Guest-Blogger Trudy Balch: 5 Things Gaby Brimmer Loved, Or Would Have

After a hiatus while I've been on the book tour, the Wednesday 5-links guest-blog post is back! This week's is by Trudy Balch, writer, editor, and translator of both Spanish and Ladino. Her latest translation, just out from Brandeis University Press, is from the Spanish: Gaby Brimmer: An Autobiography in Three Voices. Gaby Brimmer (1947 - 2000) was a Mexican writer and disability rights activist. Born with cerebral palsy, Gaby communicated largely by typing with her left foot or by using her foot to spell out words on an "alphabet board" at the base of her wheelchair. Notes Balch, "The feature film Gaby: A True Story was based on her experiences, with the original Spanish version of this book a prime source. Renowned writer Elena Poniatowska structured the text to alternate Gaby’s voice (including her poetry) with those of her mother and her caregiver, creating a riveting conversation-like effect."
5 Things Gaby Brimmer Loved, or Would Have
Gaby Brimmer was a voracious reader and writer who published several other books, as well as articles and individual poems. In her introduction to Gaby’s life story, Elena Poniatowska recalls how Gaby’s mother, Sari, proudly showed her Gaby’s bookshelf, whose contents ranged from Spinoza, Marx, Bertrand Russell and Gabriel García Márquez to Dostoevsky, Jung, Max Weber and Rosario Castellanos. "I have a cause, and maybe that’s why I write," Gaby declared. "I want to tell the world that I’m fighting for myself and for my people... I want us to have equal opportunities to live, to fight, and to be ourselves." Here is some of what she held dearest or might have:

1. The ADEPAM
Gaby and a group of friends founded the Asociación para los Derechos de Personas con Alteraciones Motoras (Association for the Rights of People with Motor Disabilities) in 1989. Originally an advocacy group, it now concentrates on rehabilitation services. To see a series of photos of Gaby, enter the site, click on "Gaby Brimmer" and then scroll through the introduction.

2. Gaby: Un año después
Yet to be translated into English, this 1980 collection of Gaby’s poetry sold 20,000 copies when it was published in Mexico City. Though out of print, as are her published letters (Cartas de Gaby) and the short story collection Disfraces y otros cuentos, these books are often available through used book dealers and in libraries.

3. Too Late to Die Young: Nearly True Tales from a Life
If Gaby had lived to 2005, I’ll bet she would have read Harriet McBryde Johnson’s witty, insightful, irrepressible memoir. "You're easy to deal with," Johnson’s father tells her. "As long as you get exactly what you want and no one gives you any shit."

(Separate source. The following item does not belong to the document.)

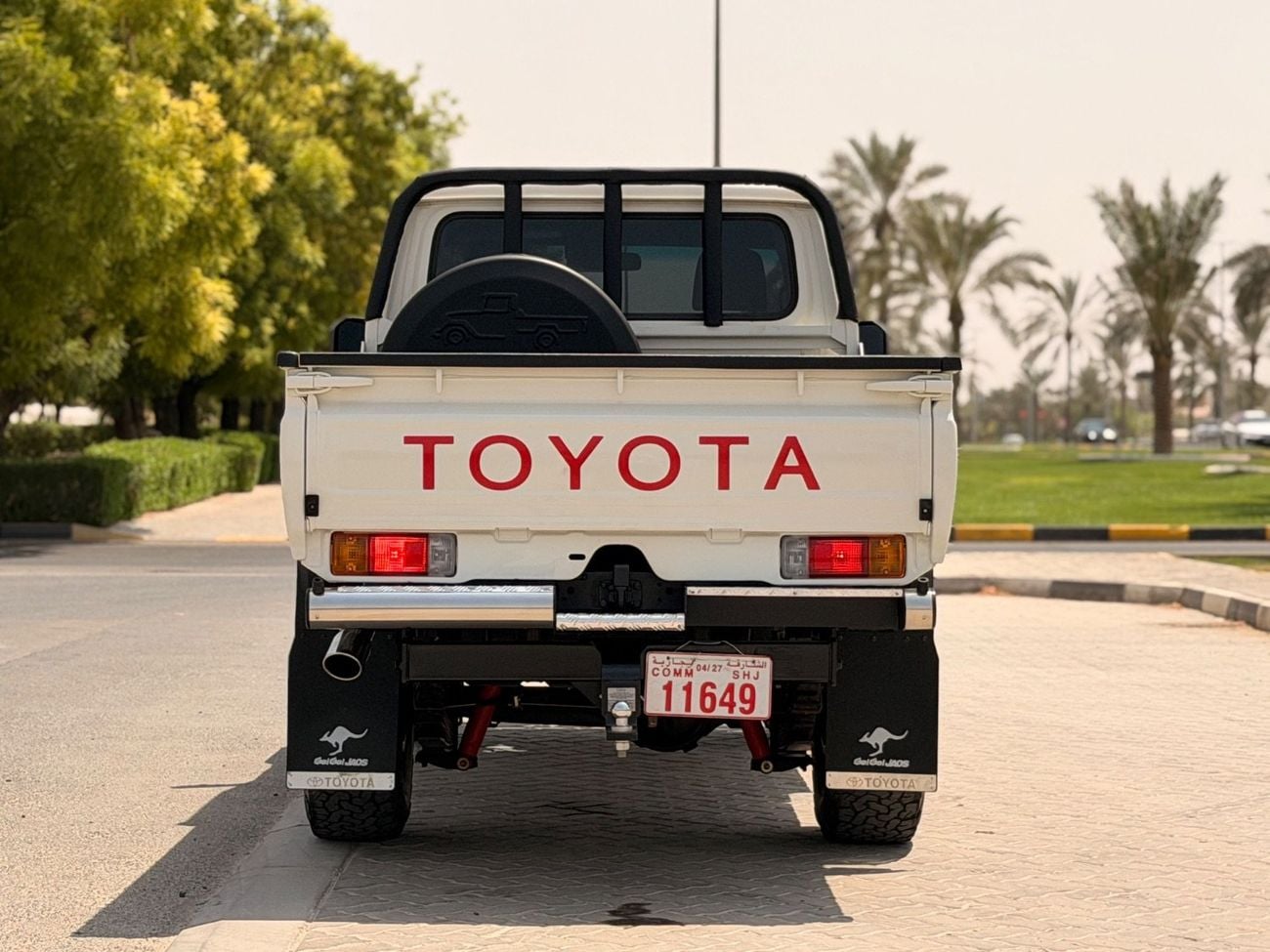 Toyota Land Cruiser Pickup 70 VXR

4. Elena Poniatowska: An Intimate Biography
Had she lived to 2003, Gaby would likely have read the bestselling Spanish original of this biography, entitled Elenísima: ingenio y figura de Elena Poniatowska The English version was published in 2007.


5. The Mexican Revolution by Adolfo Gilly
Gaby did read the original Spanish version of this book, mentioning it in Gaby Brimmer during an imaginary conversation with her typewriter, which she named "Che" (after Che Guevara). Critic Carlos Monsivais has called Gilly’s volume "a splendid amalgam of political history, dialectic analysis, a vision of a people in arms, and an uncompromising demystification."